# Otter?



## WillowDragon (Jan 7, 2009)

I mentioned this a while back on a different forum and just remembered it.

Why is it that we dont have Otter in mice? I know quite alot of the show colour names are based on rabbit colours, and rabbits have otter!! hehehe

I feel blue and Lilac tans would greatly benefit being called otter rather than tan.

K xx


----------



## Seawatch Stud (Feb 8, 2009)

No, no, no please, no!! An otter is just a s**t tan.


----------



## SarahY (Nov 6, 2008)

I agree Seawatch, I think it's just terrible that rabbit and cavy fanciers have an option to show really rubbish tans! :lol: :lol: :lol:

Sarah xxx


----------



## WillowDragon (Jan 7, 2009)

But your never gonna get good tans on blues and lilacs? Its not fair to judge them against blacks and chocs as far as i'm concerned!


----------



## Seawatch Stud (Feb 8, 2009)

Yes it is.....rubbish is rubbish end of!.


----------



## SarahY (Nov 6, 2008)

It allows for it in the standard though - it says "as rich as _possible_". We all know it's not possible to get blue and lilac tans as good as black tans! 

Sarah xxx


----------



## WillowDragon (Jan 7, 2009)

Then whats the point of breeding them... they are only gonna get judged against the blacks and chocs anyway... ?


----------



## Seawatch Stud (Feb 8, 2009)

Yep....and they are gonna lose.


----------



## WillowDragon (Jan 7, 2009)

So then why are they still standardised?? Whats the point if the only time they are gonna win a section is if they are up against no other tans? :lol:


----------



## Seawatch Stud (Feb 8, 2009)

No point what so ever...if you have em kill em.


----------



## ian (Oct 3, 2008)

Why would you want a blue or lilac tan anyway, theyre fugly. Blue selfs however are my favourite colour.

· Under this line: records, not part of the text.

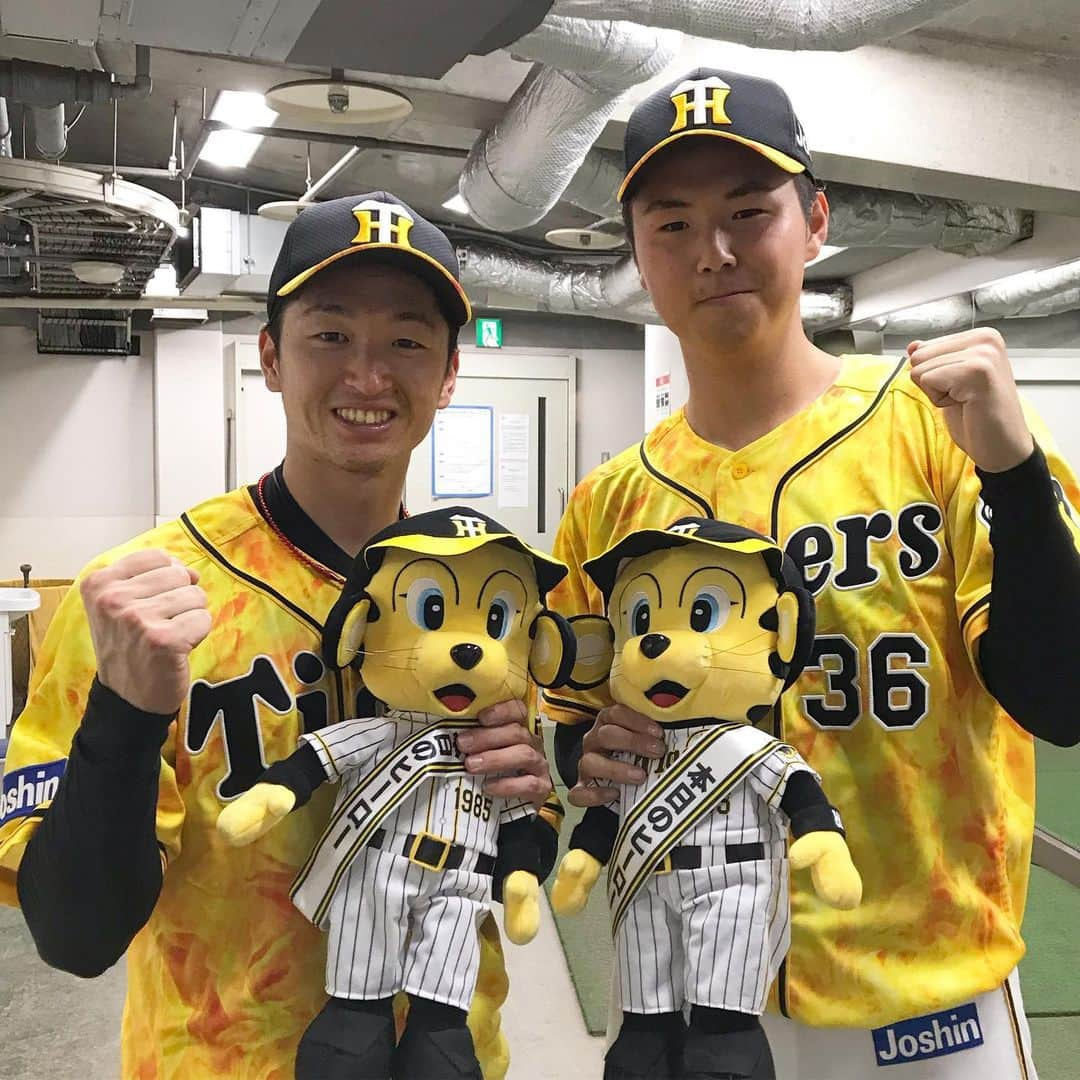 阪神タイガースさんのインスタグラム写真 - (阪神タイガースInstagram)「今日のヒーローは近本選手、浜地投手、ソラーテ選手‼️ #近本光司 選手 #勝ち越しタイムリー #猛打賞 ✨ #浜地真澄 選手 #ナイスピッチング #プロ初勝利✨ #ヤンハービスソラーテ 選手 #サヨナラツーランホームラン #ナイスバッティング ✨ #今日のヒーロー #todayshero #ウル虎ガッツ #セクシーポーズ #阪神タイガース」7月30日 22時51分 - hanshintigers_official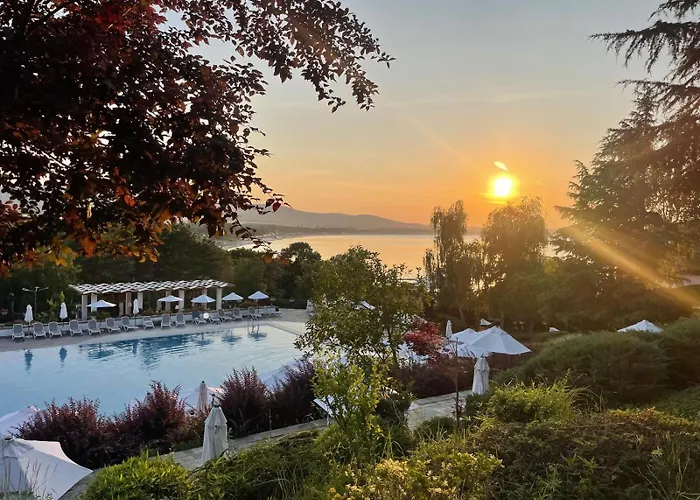 Cozy Ground-floor With Terrace דירה סוזופול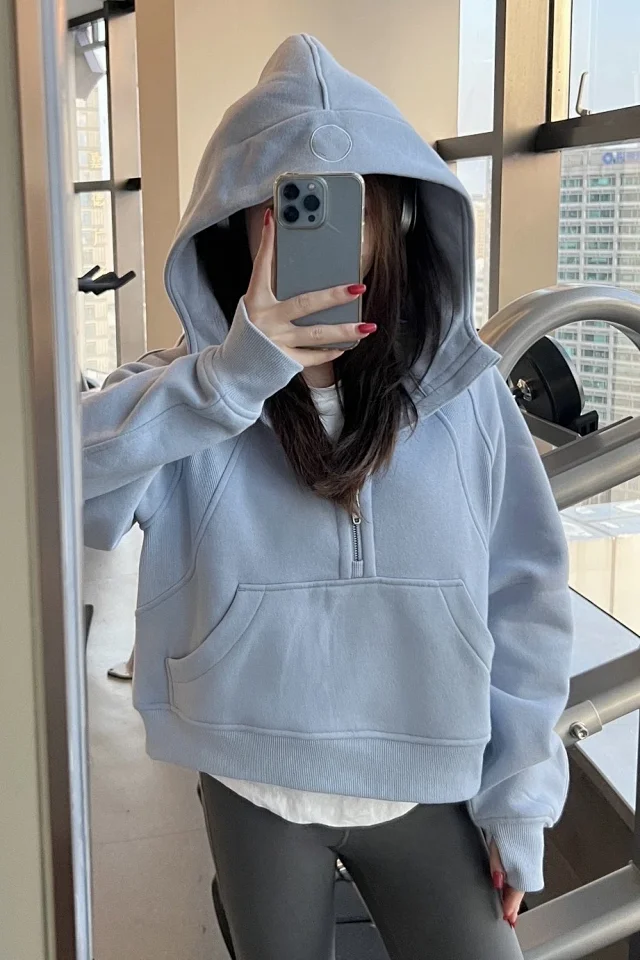Unbranded Hoodies & Sweatshirts Half-Zip Hooded Sweatshirt with Kangaroo Pocket product detail image 3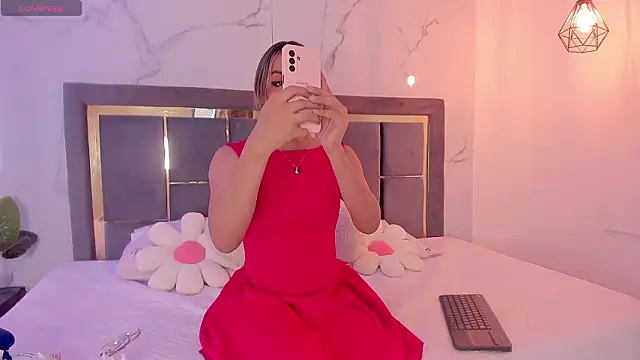 Doll Isa  online show from February 2026 03:26:01 AM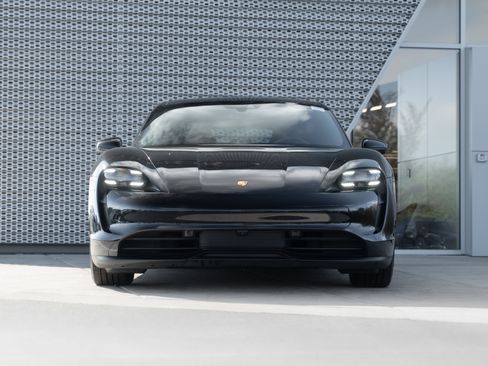 Used 2021 Porsche Taycan 4S image 36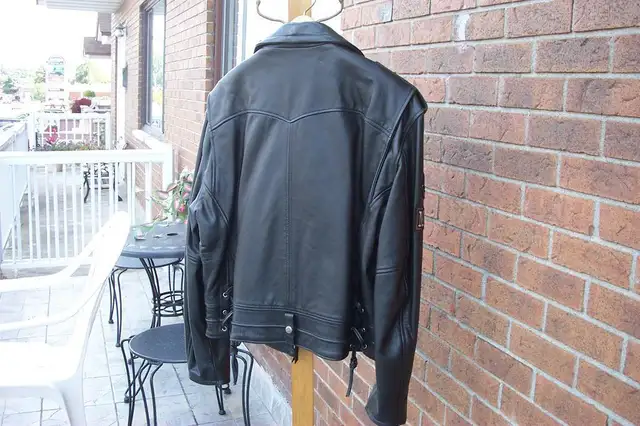 GUESS (Jeans) Leather Motorcycle Jacket in Motorcycle Parts & Accessories in Laval / North Shore - Image 6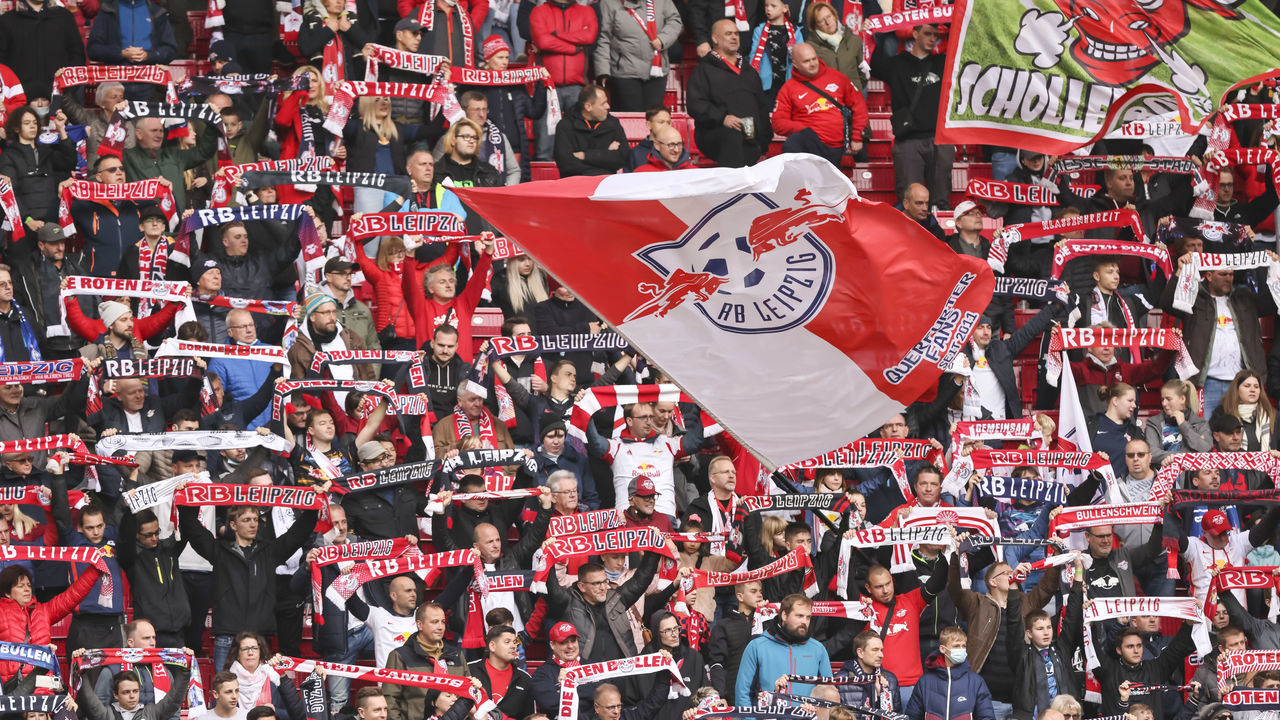 Logo đầy ấn tượng của RB Leipzig.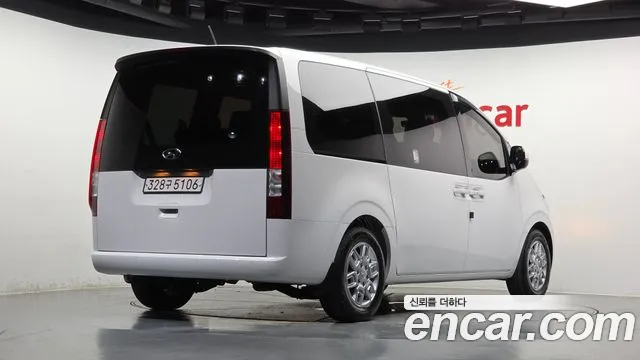 Hyundai Staria Staria Tourer 9 мест — Фото автомобиля 2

Although, because blues and lilacs are commonly known to be crappy atleast a mediocre one would beat a mediocre black tan.


----------



## WillowDragon (Jan 7, 2009)

Phil... when I start keeping mice again (I'm having to give it up for a few months) I want some of your Blacks!!! I am not taking no for an answer!!
I shall then breed them to fugly blue tans... mwwwaaa hahahahahahaha


----------



## Seawatch Stud (Feb 8, 2009)

Mwahahahaha you are 999th on my list.


----------



## WillowDragon (Jan 7, 2009)

I can imagine!! hehehe I can have some in 2020 then?


----------



## Seawatch Stud (Feb 8, 2009)

Well maybe 2030.


----------



## WillowDragon (Jan 7, 2009)

Hehee You'll be running the NMC by then...


----------



## Loganberry (Oct 24, 2008)

Maybe you'll be a member by then!


----------



## WillowDragon (Jan 7, 2009)

Maybe... you never do know what the future brings!


----------



## moustress (Sep 25, 2009)

Someday some genius will come up with a good one. I actually had a nice blue tan many, many moons ago. It was satin, so the orange belly was deeper than it might have been on a standard coat.


----------



## Cait (Oct 3, 2008)

Bob Chappell has had success with blue tans in the past. And Phil has also had success with silver tans, so it can be done :roll:


----------



## SarahY (Nov 6, 2008)

Were they proper silver though, or were they pale doves?

Sarah xxx


----------



## Cait (Oct 3, 2008)

Depends who you ask :lol: But the blue tans were most definitely blue  Either way tans in any colour are not my cup of tea but I thought I should point out in the interests of fairness that they have won some top honours before.


----------